There are 1000 vendors who can provide accelerated service delivery, why not just buy a product?
Many vendors will try to sell a single product as being able to accelerate service delivery. The problem with this approach is that accelerating service delivery goes far beyond a single product. This is because no single product can provide all the necessary components of application development that an IT consumer could want. Think about all the languages, frameworks, and technologies from Java, .NET, node.js to Hadoop, Casandra, Mongo to <insert your favorite technology name here>. The availability of these languages from a single product, vendor, or operating system in an optimized manner is highly unlikely. An approach that tries to accelerate service delivery within a single product or technology creates yet another silo and doesn’t solve the fundamental problem of accelerating service delivery across all an IT organization’s assets.

How can Enterprise IT provide accelerated service delivery capabilities while avoiding a silo?
By leveraging an architecture that is flexible and where each component is aware of it’s neighbors, organizations can accelerate service delivery without building a silo. Even better, having a component within your architecture that has a comprehensive understanding of every other component means virtually endless possibility for workload deployment and management. Want to deploy your workload as a VM using PXE on Red Hat Enterprise Virtualization, a template within VMWare vSphere, instances on OpenStack using Heat, or a gear in OpenShift? You can only do that if you understand each one of those technologies. Don’t build your logic for operations management into a single layer – keep it abstracted to ensure you can plug in whichever implementation of IaaS and PaaS best meets your needs.
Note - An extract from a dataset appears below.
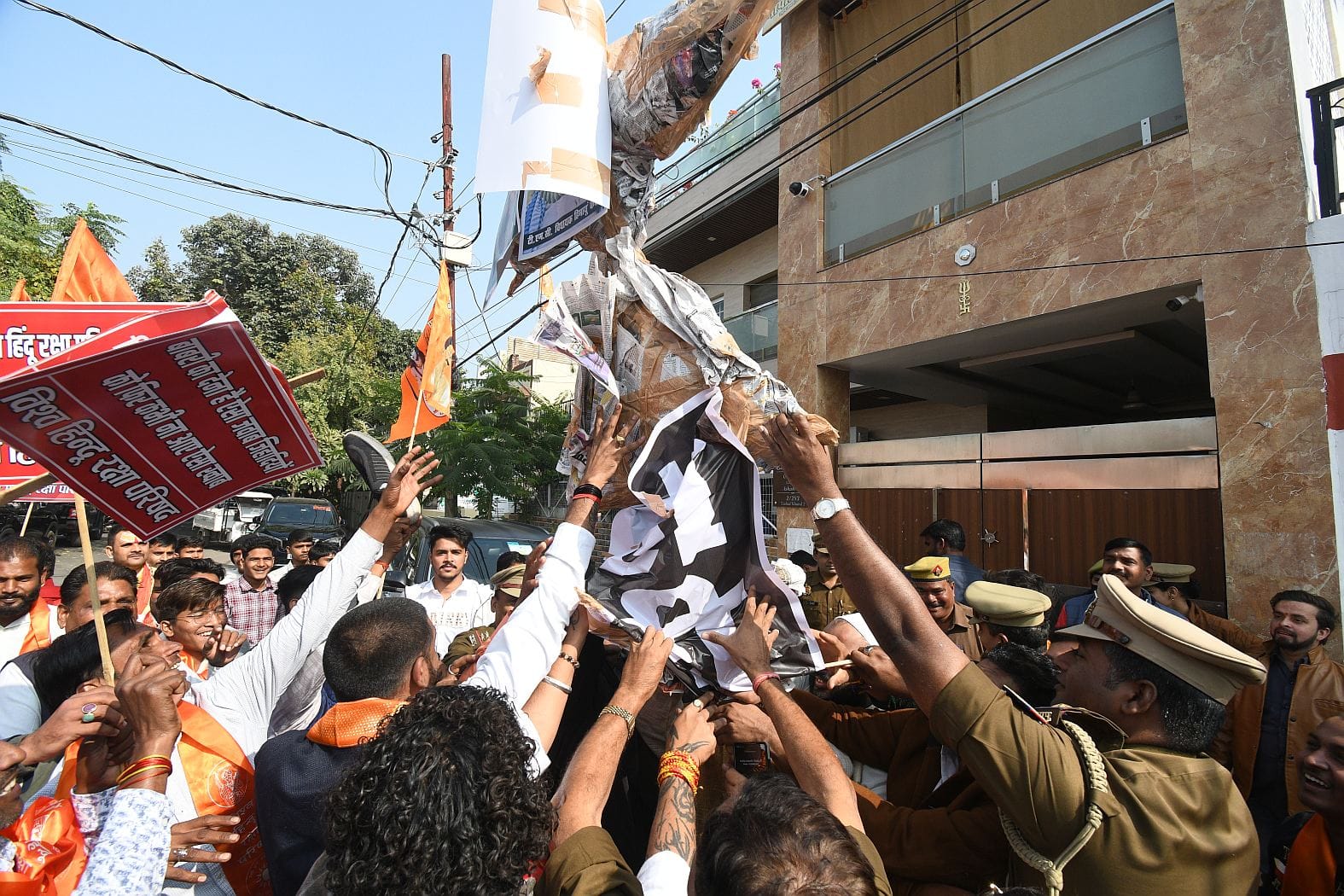 विश्व हिंदू रक्षा परिषद के कार्यकर्ताओं ने गोमतीनगर में मौलाना महमूद मदनी, तेलंगाना के सीएम रेव विश्व हिंदू रक्षा परिषद के कार्यकर्ताओं ने गोमतीनगर में मौलाना महमूद मदनी, तेलंगाना के सीएम रेव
Does your application maintain too much state locally or scale vertically? Then it belongs on a traditional virtualization platform like VMware or RHEV. Is it a stateless scale out application? Then you can deploy on OpenStack. Are the languages and other dependencies available within a PaaS? Then it belongs in OpenShift. However, just deploying to each of those platforms is not enough.  What about deploying one part of your workload as gears in OpenShift and another part as instances on OpenStack at the same time? You must be able to deploy to ALL platforms within the same workload definition! The Open Hybrid Cloud Architecture is providing the foundation for such flexibility in deployment and management of workloads in the cloud.

Can you provide an example?
Let’s look at an example of a developer who would like to develop a new application for the finance team within his organization. The developer would like to utilize ruby as a web front end and utilize .NET within an IIS application server to perform some other functions. This developer expects the same capabilities that he gets using Google App Engine in that he wants to be able to push code and have it running in seconds. The user wants to request a catalog item from CloudForms which will provide them with the two components. The first is a ruby application running in the OpenShift PaaS. The second is a virtual machine running on either Red Hat Enterprise Virtualization, VMware vSphere, or Red Hat Open Stack. The service designer who designed this catalog bundle recognized that ruby applications can run in OpenShift and because OpenShift provides greater efficiencies for hosting applications then running the application within it’s own virtual machine the designer ensured that the component run in the PaaS layer. OpenShift also provides automation of the software development process which will give the end user of the designed service greater velocity in development. Since the IIS application server wasn’t available within the PaaS layer, the service designer utilized a virtual machine at the datacenter virtualization layer (vSphere) to provide this capability.

Step by Step

1. The user requests the catalog item. CloudForms could optionally provide workflow (approval, quota, etc) and best fit placement at this point.

2. CloudForms provisions the ruby application in OpenShift Enterprise. The Ruby application is running as a gear.

3. CloudForms orchestrates the adding of an action hook into the OpenShift deployment. This can be done using any configuration management utility. I used puppet and The Foreman in my demo video below.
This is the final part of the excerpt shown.